Dr. Benjamin Chung, the author of the report, stated that the expenses were due to either “the time needed for robotic operating room setup” or the surgeon’s “learning curve” with the new technology. Chung defended the use of robotic surgery by claiming that “surgical robots are helpful because they offer more dexterity than traditional laparoscopic instrumentation and use a three-dimensional, high-resolution camera to visualize and magnify the operating field. Some procedures, such as the removal of the prostate or the removal of just a portion of the kidney, require a high degree of delicate maneuvering and extensive internal suturing that render the robot’s assistance invaluable.”

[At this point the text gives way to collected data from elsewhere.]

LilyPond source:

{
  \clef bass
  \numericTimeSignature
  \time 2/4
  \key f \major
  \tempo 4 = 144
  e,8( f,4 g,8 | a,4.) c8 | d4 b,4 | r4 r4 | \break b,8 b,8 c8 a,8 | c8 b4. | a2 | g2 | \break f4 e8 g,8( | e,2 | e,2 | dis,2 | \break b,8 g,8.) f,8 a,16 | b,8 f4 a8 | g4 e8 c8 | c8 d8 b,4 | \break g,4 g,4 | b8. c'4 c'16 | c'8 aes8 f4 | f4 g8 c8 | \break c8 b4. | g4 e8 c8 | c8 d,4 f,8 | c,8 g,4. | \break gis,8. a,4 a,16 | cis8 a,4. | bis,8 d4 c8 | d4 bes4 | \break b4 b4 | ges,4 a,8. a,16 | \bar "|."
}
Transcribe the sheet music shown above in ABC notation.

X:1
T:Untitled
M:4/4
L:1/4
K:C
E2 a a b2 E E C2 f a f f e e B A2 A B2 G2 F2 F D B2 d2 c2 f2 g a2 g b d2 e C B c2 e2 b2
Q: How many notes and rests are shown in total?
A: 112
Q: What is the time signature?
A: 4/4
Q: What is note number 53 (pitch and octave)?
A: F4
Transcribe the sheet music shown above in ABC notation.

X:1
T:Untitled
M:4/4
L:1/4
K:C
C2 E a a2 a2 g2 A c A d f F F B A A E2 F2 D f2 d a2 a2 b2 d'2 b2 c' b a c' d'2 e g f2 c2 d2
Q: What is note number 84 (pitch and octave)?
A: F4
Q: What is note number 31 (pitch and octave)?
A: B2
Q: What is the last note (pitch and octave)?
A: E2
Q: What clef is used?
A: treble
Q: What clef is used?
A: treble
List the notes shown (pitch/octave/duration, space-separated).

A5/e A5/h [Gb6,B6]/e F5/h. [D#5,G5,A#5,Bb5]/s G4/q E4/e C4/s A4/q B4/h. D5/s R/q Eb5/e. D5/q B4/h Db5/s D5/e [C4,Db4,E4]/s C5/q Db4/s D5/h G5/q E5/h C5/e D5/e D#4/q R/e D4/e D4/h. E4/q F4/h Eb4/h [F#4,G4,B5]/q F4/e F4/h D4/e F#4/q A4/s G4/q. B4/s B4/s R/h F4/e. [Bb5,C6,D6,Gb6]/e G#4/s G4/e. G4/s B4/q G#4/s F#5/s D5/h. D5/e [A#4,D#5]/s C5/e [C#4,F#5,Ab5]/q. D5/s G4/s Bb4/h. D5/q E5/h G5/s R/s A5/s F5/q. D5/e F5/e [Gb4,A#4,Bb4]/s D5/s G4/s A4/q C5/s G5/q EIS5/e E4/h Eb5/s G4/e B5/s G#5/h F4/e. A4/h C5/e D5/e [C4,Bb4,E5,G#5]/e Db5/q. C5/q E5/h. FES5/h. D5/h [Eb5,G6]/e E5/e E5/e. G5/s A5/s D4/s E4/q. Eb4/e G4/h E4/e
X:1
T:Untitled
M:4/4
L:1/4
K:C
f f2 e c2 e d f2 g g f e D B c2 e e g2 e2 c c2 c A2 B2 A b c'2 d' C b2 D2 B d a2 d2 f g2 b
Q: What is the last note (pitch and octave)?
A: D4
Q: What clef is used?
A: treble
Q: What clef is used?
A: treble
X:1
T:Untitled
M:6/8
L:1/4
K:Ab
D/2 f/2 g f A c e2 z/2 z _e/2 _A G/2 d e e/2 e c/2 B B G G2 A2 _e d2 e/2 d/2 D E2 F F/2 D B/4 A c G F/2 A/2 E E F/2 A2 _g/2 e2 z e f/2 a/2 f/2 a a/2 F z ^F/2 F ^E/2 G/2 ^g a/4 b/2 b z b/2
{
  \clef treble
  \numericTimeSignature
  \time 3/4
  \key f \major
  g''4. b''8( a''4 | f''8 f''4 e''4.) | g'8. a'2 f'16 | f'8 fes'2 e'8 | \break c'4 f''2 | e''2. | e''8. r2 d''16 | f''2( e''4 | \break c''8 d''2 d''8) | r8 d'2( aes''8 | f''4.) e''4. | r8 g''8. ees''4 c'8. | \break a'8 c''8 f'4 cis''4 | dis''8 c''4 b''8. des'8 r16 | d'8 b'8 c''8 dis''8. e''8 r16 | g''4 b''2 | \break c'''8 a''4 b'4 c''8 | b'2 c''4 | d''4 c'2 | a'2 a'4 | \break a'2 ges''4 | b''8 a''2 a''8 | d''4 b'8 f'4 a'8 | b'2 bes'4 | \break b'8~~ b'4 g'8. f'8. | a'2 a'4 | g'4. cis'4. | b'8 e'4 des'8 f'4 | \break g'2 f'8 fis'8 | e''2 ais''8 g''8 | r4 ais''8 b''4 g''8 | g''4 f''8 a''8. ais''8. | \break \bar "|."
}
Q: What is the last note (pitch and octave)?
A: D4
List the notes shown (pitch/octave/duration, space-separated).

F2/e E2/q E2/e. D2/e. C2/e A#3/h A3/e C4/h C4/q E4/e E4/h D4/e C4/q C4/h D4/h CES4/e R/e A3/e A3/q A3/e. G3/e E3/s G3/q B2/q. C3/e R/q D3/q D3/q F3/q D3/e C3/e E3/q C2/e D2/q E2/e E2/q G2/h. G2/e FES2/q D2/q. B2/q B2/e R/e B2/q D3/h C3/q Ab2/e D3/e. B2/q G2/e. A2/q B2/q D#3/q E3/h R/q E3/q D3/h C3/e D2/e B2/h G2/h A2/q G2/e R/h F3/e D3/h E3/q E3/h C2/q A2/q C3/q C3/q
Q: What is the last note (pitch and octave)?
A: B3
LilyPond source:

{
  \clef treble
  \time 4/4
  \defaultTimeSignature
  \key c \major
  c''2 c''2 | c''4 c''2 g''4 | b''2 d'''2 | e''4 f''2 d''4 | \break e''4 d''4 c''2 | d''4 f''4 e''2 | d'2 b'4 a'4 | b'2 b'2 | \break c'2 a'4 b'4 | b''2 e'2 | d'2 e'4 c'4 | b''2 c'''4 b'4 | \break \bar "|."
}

Chung’s concern was due to the dramatic increase in hospitals selling robotic-assisted surgeries to patients rather than more traditional methods for kidney removals. “Although the laparoscopic procedure has been standard care for a radical nephrectomy for many years, we saw an increase in the use of robotic-assisted approaches, and by 2015 these had surpassed the number of conventional laparoscopic procedures,” explains Chung. “We found that, although there was no statistical difference in outcome or length of hospital stay, the robotic-assisted surgeries cost more and had a higher probability of prolonged operative time.”

The dexterity and precision of robotic instruments has been proven in live operating theaters for years, as well as multitude concept videos on the internet of fruit being autonomously stitched up. Dr. Joan Savall, also of Stanford, developed a robotic system that is even capable of performing (unmanned) brain surgery on a live fly. For years, medical students have been ripping the heads off of the drosophila with tweezers in the hopes of learning more about the insect’s anatomy. Instead, Savall’s machine gently follows the fly using computer vision to precisely target its thorax; literally a moving bullseye the size of a period. The robot is so careful that the insect is unfazed and flies off after the procedure. Clearly, the robot is quicker and more exacting than even the most careful surgeon. According to journal Nature Methods, the system can operate on 100 flies an hour.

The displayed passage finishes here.